- **Supplied material**

..........

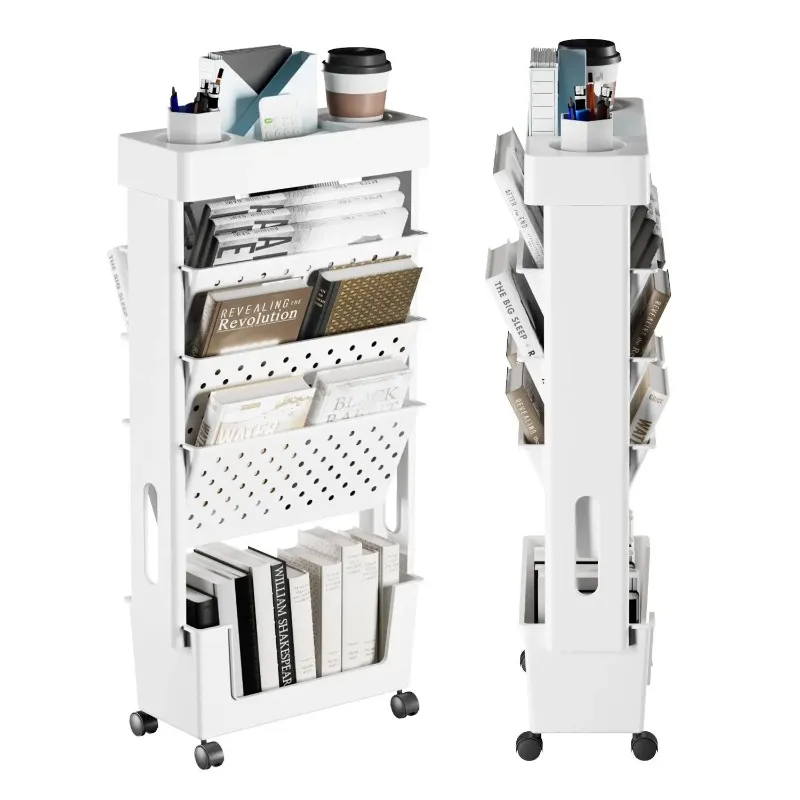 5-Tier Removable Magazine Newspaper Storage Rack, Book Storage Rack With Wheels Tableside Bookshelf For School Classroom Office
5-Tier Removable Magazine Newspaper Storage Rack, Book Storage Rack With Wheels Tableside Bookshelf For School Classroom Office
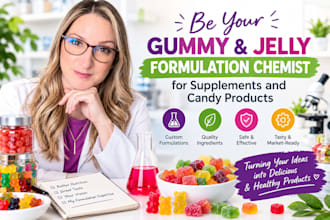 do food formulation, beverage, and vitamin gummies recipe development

..........

- **Exercise brief**
The answer must be the whole listing, word for word, with no pictures in it. Please write it out.

- **Solution to this problem**
 5-Tier Removable Magazine Newspaper Storage Rack, Book Storage Rack With Wheels Tableside Bookshelf For School Classroom Office
5-Tier Removable Magazine Newspaper Storage Rack, Book Storage Rack With Wheels Tableside Bookshelf For School Classroom Office
 do food formulation, beverage, and vitamin gummies recipe development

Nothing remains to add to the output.